Key data
| Stowage factor | 1.15–1.35 m³/t (typical 1.25)40.6–47.7 ft³/t (typical 44.1) |
|---|---|
| Form | Bulk |
| IMSBC group | A and B Cargoes that can both liquefy and carry a chemical hazard. |
| Angle of repose | ~35 |
| BCSN | COAL |
ft³/t values are per metric tonne (1 m³/t ≈ 35.31 ft³/t). Stowage factors are indicative — see note below.
Description
Coking, or metallurgical, coal is the premium grade prized for its ability to be baked into coke for blast-furnace steelmaking, rather than burned for power like thermal coal. Commercially it is a higher-value trade, but for carriage it is handled under the general coal regime and shares coal's range of behaviours.

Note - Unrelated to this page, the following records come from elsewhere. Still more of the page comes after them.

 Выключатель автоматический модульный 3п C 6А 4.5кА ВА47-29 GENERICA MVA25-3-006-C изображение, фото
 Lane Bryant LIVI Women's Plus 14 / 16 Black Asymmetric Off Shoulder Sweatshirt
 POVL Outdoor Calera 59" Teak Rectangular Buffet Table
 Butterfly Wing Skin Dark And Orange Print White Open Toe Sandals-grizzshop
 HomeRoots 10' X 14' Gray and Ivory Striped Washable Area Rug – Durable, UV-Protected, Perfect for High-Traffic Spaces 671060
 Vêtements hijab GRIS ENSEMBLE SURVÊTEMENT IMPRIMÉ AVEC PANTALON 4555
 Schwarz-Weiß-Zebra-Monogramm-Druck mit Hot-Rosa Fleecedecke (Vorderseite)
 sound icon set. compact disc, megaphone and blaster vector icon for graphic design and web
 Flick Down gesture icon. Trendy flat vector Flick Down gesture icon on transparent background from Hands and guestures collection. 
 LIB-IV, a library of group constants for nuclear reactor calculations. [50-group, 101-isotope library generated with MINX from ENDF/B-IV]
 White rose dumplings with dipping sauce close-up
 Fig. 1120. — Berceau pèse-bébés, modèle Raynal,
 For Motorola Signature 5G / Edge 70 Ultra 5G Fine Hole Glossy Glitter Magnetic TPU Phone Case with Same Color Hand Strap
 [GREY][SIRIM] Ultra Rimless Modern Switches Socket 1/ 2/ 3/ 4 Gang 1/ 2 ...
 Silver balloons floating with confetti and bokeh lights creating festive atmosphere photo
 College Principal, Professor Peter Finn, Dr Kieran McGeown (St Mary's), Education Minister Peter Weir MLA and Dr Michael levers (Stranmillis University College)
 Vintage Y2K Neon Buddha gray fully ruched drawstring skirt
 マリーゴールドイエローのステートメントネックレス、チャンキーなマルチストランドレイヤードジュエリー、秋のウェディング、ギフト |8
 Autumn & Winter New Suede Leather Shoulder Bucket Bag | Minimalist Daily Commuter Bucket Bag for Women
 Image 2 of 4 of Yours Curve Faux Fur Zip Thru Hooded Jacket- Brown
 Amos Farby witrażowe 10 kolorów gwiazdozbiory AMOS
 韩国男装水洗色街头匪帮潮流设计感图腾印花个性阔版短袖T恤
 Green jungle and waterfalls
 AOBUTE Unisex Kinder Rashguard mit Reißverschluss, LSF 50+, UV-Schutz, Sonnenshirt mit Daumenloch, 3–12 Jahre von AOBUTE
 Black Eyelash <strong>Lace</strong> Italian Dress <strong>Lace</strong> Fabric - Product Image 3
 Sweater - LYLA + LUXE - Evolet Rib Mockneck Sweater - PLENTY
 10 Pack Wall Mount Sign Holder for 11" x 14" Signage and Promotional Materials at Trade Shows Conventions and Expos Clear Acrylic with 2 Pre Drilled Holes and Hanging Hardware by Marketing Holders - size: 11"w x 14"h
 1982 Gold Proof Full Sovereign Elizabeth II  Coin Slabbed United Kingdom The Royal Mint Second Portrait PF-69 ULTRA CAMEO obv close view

Its stowage factor sits a little below thermal coal on average, keeping it firmly in deadweight-cargo territory on most ships.
Stowage & loading
As with thermal coal, the parcel is loaded by conveyor or grab and trimmed level to limit the air available to feed any self-heating, and kept clear of heated structure. Because source and rank drive behaviour, the specific characteristics declared for the parcel matter far more than the label, and the loading temperature is logged as the reference point for monitoring during the passage.
Hazards & handling
Coking coal carries the same hazard profile as coal generally: self-heating toward spontaneous combustion, emission of flammable methane, depletion of oxygen in enclosed spaces, and the potential for finer, wetter parcels to liquefy. Lower-volatile coking coals may emit less gas than some thermal coals, but no parcel should be assumed benign without the declared characteristics to support that view.
Carriage & discharge
Temperatures and the gas atmosphere are monitored through the voyage, with surface ventilation managing methane while avoiding a draught that would accelerate heating; a climbing carbon monoxide reading is the early warning of a hot spot. Discharge is by grab or continuous unloader at steel-plant or trans-shipment terminals, after which spaces are ventilated, gas-freed and certified before entry.
Key hazards
- Self-heating that can lead to spontaneous combustion
- Methane emission producing a flammable atmosphere
- Oxygen depletion in cargo and adjacent enclosed spaces
- Liquefaction potential in finer, wetter parcels
Loading precautions
- Work to the declared characteristics of the specific parcel rather than assuming typical coal behaviour
- Trim level, keep clear of heated structure, and log a baseline temperature
- Set up gas and temperature monitoring and ventilation before departure
Stowage factors are indicative and vary with grade, origin, moisture and packing. Always verify against the shipper's cargo declaration and the applicable IMSBC Code schedule before fixing or loading. This is general information, not professional or safety advice.